The Chinese president also pointed out that the two sides have effectively managed differences through dialogue and consultations in the past, promoting cooperation on various matters and achieving fruitful results in bilateral relations.

China is ready to expand and strengthen the existing cooperation on national economy and people’s welfare with regard to infrastructure, agriculture, energy and education, as well as the anti-COVID-19 fight and post-pandemic recovery. This approach will foster new growth areas and promote development and revitalization of the two countries and the region, he said.

China will, as always, actively support and assist the Philippines in its economic and social development and work with the Philippines to strengthen strategic communication and coordination over major international and regional issues to safeguard peace and development there, Xi added.

Xi stressed that the world has greatly changed and we are now in times where new challenges to peace and security that have no precedent in history have appeared. The Chinese president said that he hopes the Philippines will continue to pursue an independent foreign policy.

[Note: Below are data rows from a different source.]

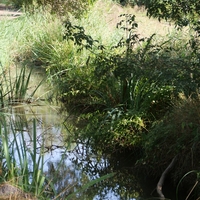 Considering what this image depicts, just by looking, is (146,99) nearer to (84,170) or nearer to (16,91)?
(84,170)

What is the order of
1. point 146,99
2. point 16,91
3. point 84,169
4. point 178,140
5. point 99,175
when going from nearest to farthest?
point 178,140 → point 99,175 → point 84,169 → point 146,99 → point 16,91

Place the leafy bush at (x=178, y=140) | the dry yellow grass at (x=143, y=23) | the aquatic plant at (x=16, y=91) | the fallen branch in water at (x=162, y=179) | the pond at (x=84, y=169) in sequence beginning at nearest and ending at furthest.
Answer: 1. the fallen branch in water at (x=162, y=179)
2. the leafy bush at (x=178, y=140)
3. the pond at (x=84, y=169)
4. the aquatic plant at (x=16, y=91)
5. the dry yellow grass at (x=143, y=23)

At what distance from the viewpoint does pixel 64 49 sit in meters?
10.3

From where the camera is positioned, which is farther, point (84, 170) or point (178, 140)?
point (84, 170)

Last week, the US and ASEAN held a special summit in Washington, DC. As this year marks the 45th anniversary of the ASEAN-US Dialogue Relations, the summit was aimed at strengthening the two sides‘ cooperation. However, Qian believes the summit served as part of US‘ Indo-Pacific strategy to secure global leadership. 

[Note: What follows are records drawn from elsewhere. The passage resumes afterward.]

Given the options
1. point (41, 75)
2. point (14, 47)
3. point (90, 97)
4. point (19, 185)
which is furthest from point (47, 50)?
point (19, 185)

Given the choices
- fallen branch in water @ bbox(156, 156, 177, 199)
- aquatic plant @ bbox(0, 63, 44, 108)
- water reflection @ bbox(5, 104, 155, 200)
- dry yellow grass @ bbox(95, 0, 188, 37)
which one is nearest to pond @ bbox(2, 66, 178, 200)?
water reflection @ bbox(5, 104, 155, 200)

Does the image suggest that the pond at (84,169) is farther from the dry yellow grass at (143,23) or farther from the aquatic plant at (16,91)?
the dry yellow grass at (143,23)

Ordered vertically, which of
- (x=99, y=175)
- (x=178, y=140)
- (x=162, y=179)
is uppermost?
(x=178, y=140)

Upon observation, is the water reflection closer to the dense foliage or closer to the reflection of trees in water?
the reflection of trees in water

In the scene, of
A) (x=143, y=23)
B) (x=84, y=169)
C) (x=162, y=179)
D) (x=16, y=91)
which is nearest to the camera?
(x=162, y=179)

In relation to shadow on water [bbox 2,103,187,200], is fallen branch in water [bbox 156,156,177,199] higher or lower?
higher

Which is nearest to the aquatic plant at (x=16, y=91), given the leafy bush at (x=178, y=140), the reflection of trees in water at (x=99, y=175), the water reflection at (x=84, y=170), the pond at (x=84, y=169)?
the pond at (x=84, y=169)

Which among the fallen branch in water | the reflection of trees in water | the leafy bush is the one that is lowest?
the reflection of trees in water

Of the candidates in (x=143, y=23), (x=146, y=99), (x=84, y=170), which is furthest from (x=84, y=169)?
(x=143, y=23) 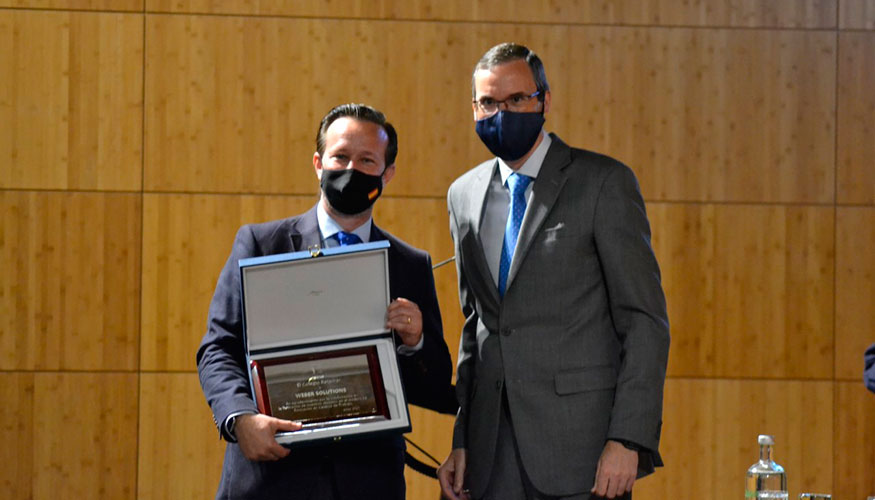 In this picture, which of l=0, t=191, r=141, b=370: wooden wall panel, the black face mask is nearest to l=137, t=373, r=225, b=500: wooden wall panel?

The victory of Marcos, Jr. in election is a positive sign in China-Philippine relations that made the US quite anxious, Qian said. 

Given that the Philippines was once a US colony, it shares a defense alliance with the US and that it has strong pro-US forces among the military and elite class. Marcos, Jr. has to balance the country’s relations with the US while developing an effective pragmatic cooperation with China, Qian said. 

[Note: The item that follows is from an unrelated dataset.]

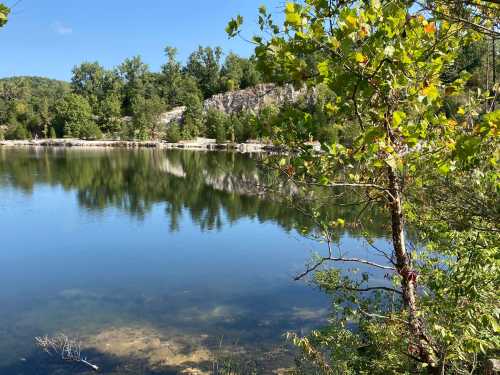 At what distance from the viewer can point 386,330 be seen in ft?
19.0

Marcos, Jr. said the new Philippine government will make China-Philippine relations a priority in the country’s foreign policy and is ready to strengthen exchanges at all levels and deepen cooperation with China in economy, trade, infrastructure, energy, culture and education.

A recent survey conducted by the Global Times Research Center and the Center for Chinese International Strategy Studies of Renmin University of China showed that nearly 80 percent of Chinese respondents think the US is the biggest disruptor of relations between China and ASEAN members, but about 90 percent considered  China-ASEAN ties as friendly and over 75 percent hold a positive attitude toward their future.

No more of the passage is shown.